O que significa assinar um tratado internacional sobre Direitos Humanos?
Quem acompanha a coluna Direitos Humanos e Sociedade aqui no portal do Observatório do 3º Setor sabe que um dos meus objetivos centrais destes nossos encontros mensais é procurar desconstruir preconceitos e estereótipos muitas vezes presentes no senso comum a respeito do tema dos Direitos Humanos, e também trazer um pouco de informação sobre questões correlatas que acredito serem de curiosidade geral, para além do público jurídico.

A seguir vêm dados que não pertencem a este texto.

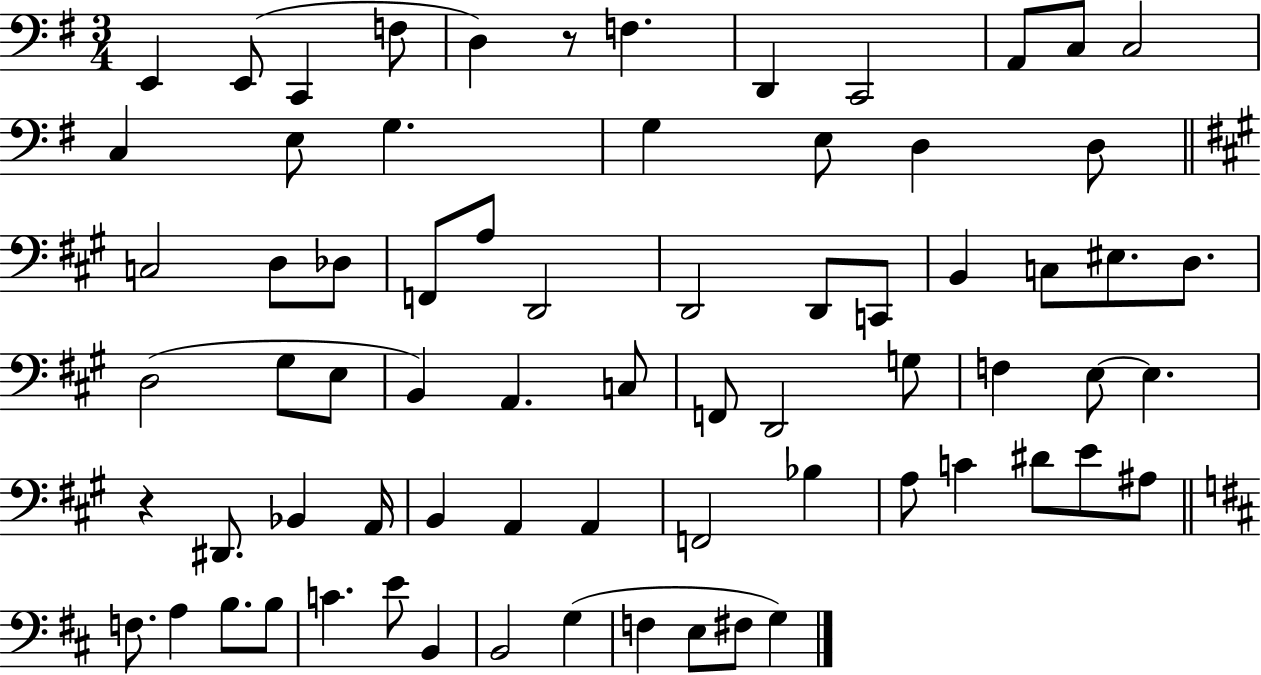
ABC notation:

X:1
T:Untitled
M:3/4
L:1/4
K:G
E,, E,,/2 C,, F,/2 D, z/2 F, D,, C,,2 A,,/2 C,/2 C,2 C, E,/2 G, G, E,/2 D, D,/2 C,2 D,/2 _D,/2 F,,/2 A,/2 D,,2 D,,2 D,,/2 C,,/2 B,, C,/2 ^E,/2 D,/2 D,2 ^G,/2 E,/2 B,, A,, C,/2 F,,/2 D,,2 G,/2 F, E,/2 E, z ^D,,/2 _B,, A,,/4 B,, A,, A,, F,,2 _B, A,/2 C ^D/2 E/2 ^A,/2 F,/2 A, B,/2 B,/2 C E/2 B,, B,,2 G, F, E,/2 ^F,/2 G,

Já há algum tempo tenho a sensação de que as percepções gerais sobre os Direitos Humanos se alternam entre duas representações distintas. A primeira – e bastante comum – é aquela que associa os Direitos Humanos a “direito de bandido”, deixando transparecer a (falsa) ideia de que trabalhar com Direitos Humanos é ser leniente e bondoso com pessoas que não mereceriam tal tratamento, e mais, que isso seria um fator de estímulo para a prática de crimes. Dessa “lenda urbana” já tratamos na coluna Afinal, direitos humanos é direito ‘de bandido’?, na qual espero ter esclarecido o porquê todos esses chavões são equivocados.

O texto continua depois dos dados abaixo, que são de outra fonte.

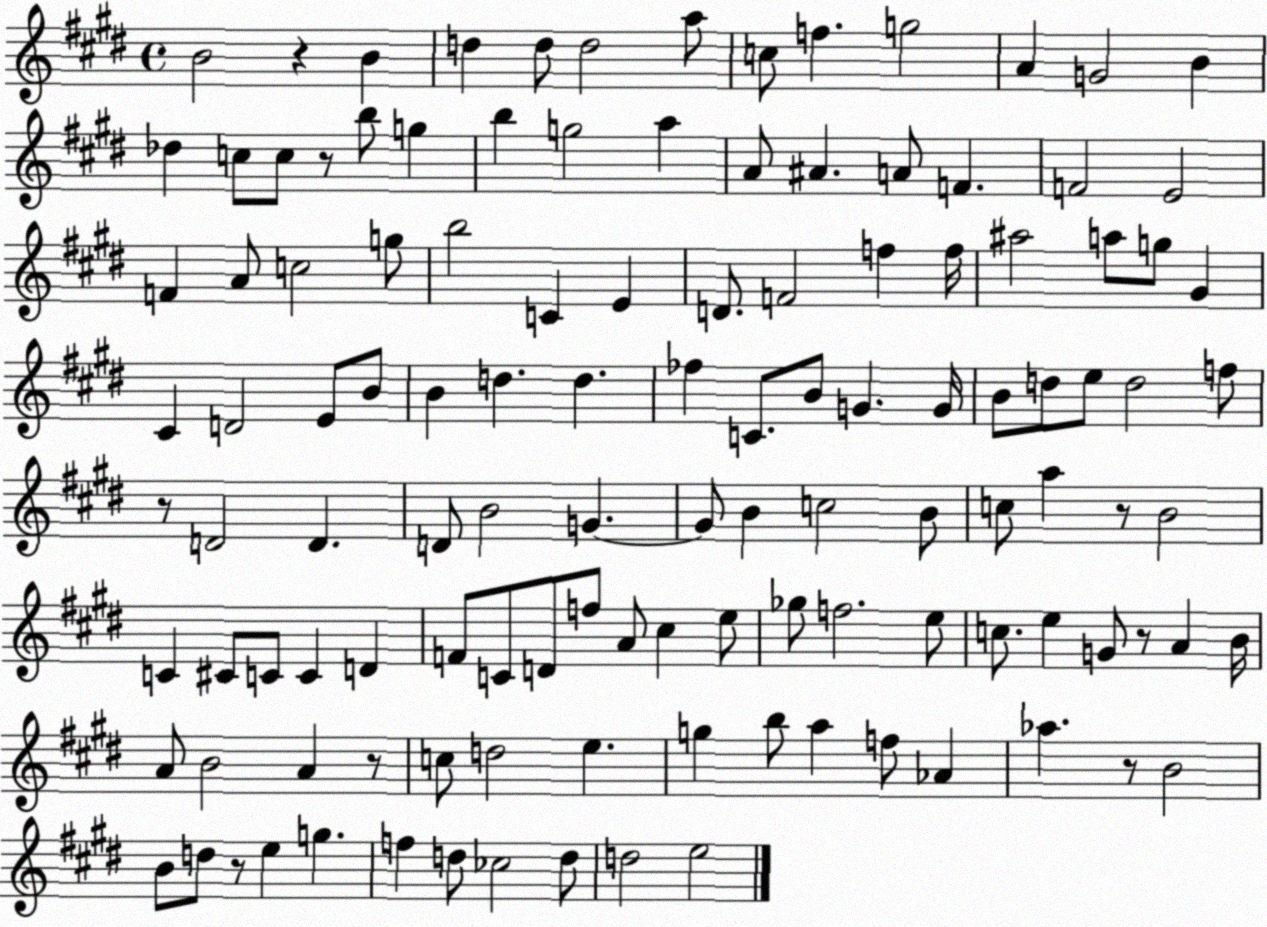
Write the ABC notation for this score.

X:1
T:Untitled
M:4/4
L:1/4
K:E
B2 z B d d/2 d2 a/2 c/2 f g2 A G2 B _d c/2 c/2 z/2 b/2 g b g2 a A/2 ^A A/2 F F2 E2 F A/2 c2 g/2 b2 C E D/2 F2 f f/4 ^a2 a/2 g/2 ^G ^C D2 E/2 B/2 B d d _f C/2 B/2 G G/4 B/2 d/2 e/2 d2 f/2 z/2 D2 D D/2 B2 G G/2 B c2 B/2 c/2 a z/2 B2 C ^C/2 C/2 C D F/2 C/2 D/2 f/2 A/2 ^c e/2 _g/2 f2 e/2 c/2 e G/2 z/2 A B/4 A/2 B2 A z/2 c/2 d2 e g b/2 a f/2 _A _a z/2 B2 B/2 d/2 z/2 e g f d/2 _c2 d/2 d2 e2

Mas há também uma segunda representação dos Direitos Humanos no imaginário coletivo, relacionada a questões de política internacional, ativistas em manifestações contra perseguições políticas, e órgãos internacionais responsáveis por ações diplomáticas regidas por tratados internacionais. Embates entre organizações como a ONU e a Anistia Internacional, ou assembleias com representantes de mais de uma centena de países com seus fones de ouvido para a tradução simultânea de debates sobre direitos podem parecer uma realidade muito distante do dia a dia do cidadão, ou mesmo do cotidiano de quem trabalha na área jurídica. Mas, na verdade, a adesão de um país a um tratado internacional de Direitos Humanos pode gerar consequências bastante concretas, e que, creio eu, valem a pena conhecer um pouco melhor.

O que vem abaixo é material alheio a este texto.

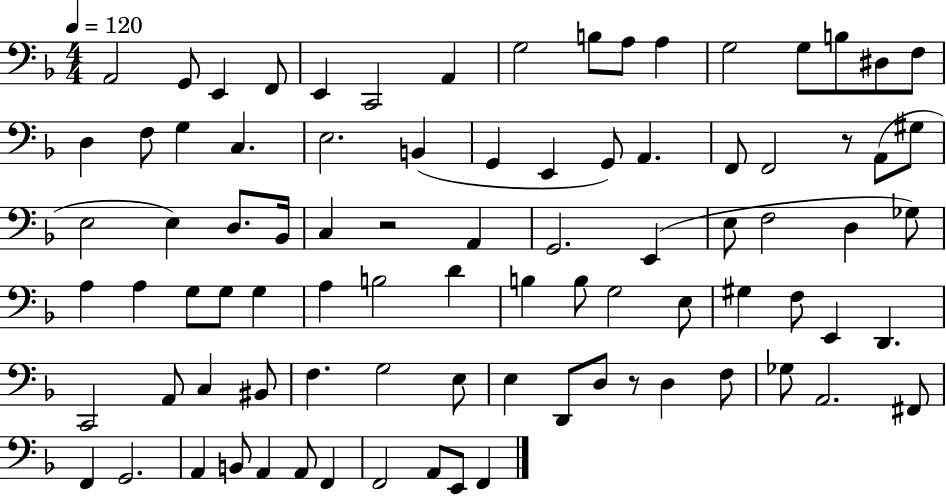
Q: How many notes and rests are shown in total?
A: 87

Para melhor compreender o impacto dos tratados internacionais de Direitos Humanos na vida das pessoas, é necessário remontar ao período que se seguiu ao fim da 2ª Guerra Mundial, mais exatamente ao ano de 1948, quando é fundada a Organização das Nações Unidas e que é considerado um marco na história contemporânea dos Direitos Humanos.
A 2ª Guerra Mundial, em razão das violações perpetradas pela Alemanha nazista (que elaborou normas fundamentadas em ideologia racista pretensamente científica, e determinou legalmente a perseguição dos cidadãos não arianos) e a bomba atômica contra populações civis japonesas (cujos efeitos de seu alto poder de destruição ultrapassaram em muitas gerações além daquelas atingidas pelo ataque) foi considerada como uma ruptura com todos os antecedentes de direitos fundamentais que vinham se construindo desde o século XVIII. Estes fatos históricos, que significaram total negação do valor inato do indivíduo, levantaram a pergunta: esta situação poderia ter sido evitada (ou minimizada) pela previsão de proteção internacional aos indivíduos que se vissem desprotegidos pelo ordenamento jurídico de seus próprios países (como os judeus na Alemanha), ou por uma limitação ao uso da força contra populações não envolvidas no conflito armado (caso dos civis japoneses atacados em Hiroshima e Nagasaki)?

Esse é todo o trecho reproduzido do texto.